Olli Schulz, Interview

Frage: Hallo Olli, ich habe eine Mail an deinen Pressekontakt geschrieben und um ein Interview gebeten. Die Antwort kam direkt von dir. Machst du das alles alleine?

Olli Schulz: Eine Freundin von mir, die das normalerweise beantwortet, war gerade nicht da. Aber ansonsten mache ich das Meiste alleine.

Bist du denn auch alleine unterwegs?

Ja. Gestern habe ich in Potsdam auch ein Festival moderiert und bin dann mit dem Auto nach Tübingen gefahren.

Wie kommt es denn, dass du im Moment so häufig als Moderator gebucht wirst?

Das ist Zufall, glaube ich. Nur gestern und heute, ansonsten moderiere ich gar nicht so viel.

Siehst du dich denn trotzdem noch hauptsächlich als Musiker? Oder machst du dir über die Bezeichnung keine Gedanken?

Eigentlich denke ich darüber nicht nach. Ich mache einfach eine Show, bei der ich viel rede und viel Musik spiele, einfach eine Entertainment-One-Man-Olli-Schulz-Show. Die neue Platte wird zum Beispiel wieder sehr lustig, was die letzten nicht waren.

Du spielst schon ziemlich lange neue Songs. Wie sieht es mit dem Album aus, ist es inzwischen fertig?
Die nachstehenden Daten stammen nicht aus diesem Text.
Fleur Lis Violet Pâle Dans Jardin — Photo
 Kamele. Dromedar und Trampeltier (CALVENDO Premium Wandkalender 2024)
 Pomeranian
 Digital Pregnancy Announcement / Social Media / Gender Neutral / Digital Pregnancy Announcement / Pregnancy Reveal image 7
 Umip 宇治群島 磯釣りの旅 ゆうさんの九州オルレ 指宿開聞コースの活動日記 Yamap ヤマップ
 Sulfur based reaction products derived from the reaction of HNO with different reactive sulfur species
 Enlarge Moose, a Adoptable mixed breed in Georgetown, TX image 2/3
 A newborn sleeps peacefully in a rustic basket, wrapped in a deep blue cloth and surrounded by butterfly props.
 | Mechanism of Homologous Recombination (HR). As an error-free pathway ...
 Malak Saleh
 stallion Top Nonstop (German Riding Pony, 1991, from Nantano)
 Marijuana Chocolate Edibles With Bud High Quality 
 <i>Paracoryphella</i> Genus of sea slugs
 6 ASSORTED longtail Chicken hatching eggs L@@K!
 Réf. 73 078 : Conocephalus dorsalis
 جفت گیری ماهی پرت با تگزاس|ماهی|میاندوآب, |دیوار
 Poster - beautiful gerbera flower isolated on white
Das Album ist fertig und es liegt nicht an mir, dass es nicht rauskommt. Die Plattenfirma muss jetzt entscheiden, ob sie es macht oder nicht. Ich bin ja noch bei der Sony und die haben noch Optionen, ich bin dort vertraglich gebunden. Sie müssen jetzt erst mal die Songs hören. Das hat ewig lange gedauert, bis ich da jemanden zu fassen gekriegt habe, weil es Umstrukturierungen gab. Jetzt treffen wir uns im August mit ihnen, dann hören sie sich die Sachen an und dann wird entschieden, wann die Platte rauskommt. Im Moment ist es mir aber gar nicht so wichtig, eine Platte rauszubringen. Ich toure einfach viel lieber.

Wieso?

Eine Platte bringt mir finanziell nicht viel und hat sehr an Wertschätzung verloren. Ich schreibe immer noch neue Lieder, wir nehmen einfach auf und dann packen wir einfach alles zusammen. Meine neue CD wird 30 bis 40 Skip-Punkte haben, da ist mal was Gesprochenes dazwischen, dann wieder ein Lied. Es wird keine Platte mit elf Liedern sein, die man in einem durchhört. Das ist mir auch zu langweilig, das habe ich bei den letzten beiden ja schon gemacht. Es wird alles sehr live klingen. Mein Produzent meint, die Platte sei eine Mischung aus Johnny Cash, Helge Schneider und Otto.

Wenn eine CD für dich an Wertschätzung verloren hat, wäre es eine Option, deine Musik über Downloads zu veröffentlichen?

Nein, das finde ich doof. Die Hörgewohnheiten bei den Leuten sind aber eben anders geworden, man kann alles anklicken, 30 Sekunden reinhören und alles wird gleich verurteilt. Man lässt eine Platte gar nicht mehr wachsen. Ich habe meine Platte extra nicht so konzipiert. Sie wird eigentlich wie ein großer Download werden, weil da alles Mögliche drauf ist. Ich möchte aber wenigstens, dass man das gesammelt hören kann.

Ist es dir als Musikhörer denn auch noch wichtig, etwas in der Hand zu haben?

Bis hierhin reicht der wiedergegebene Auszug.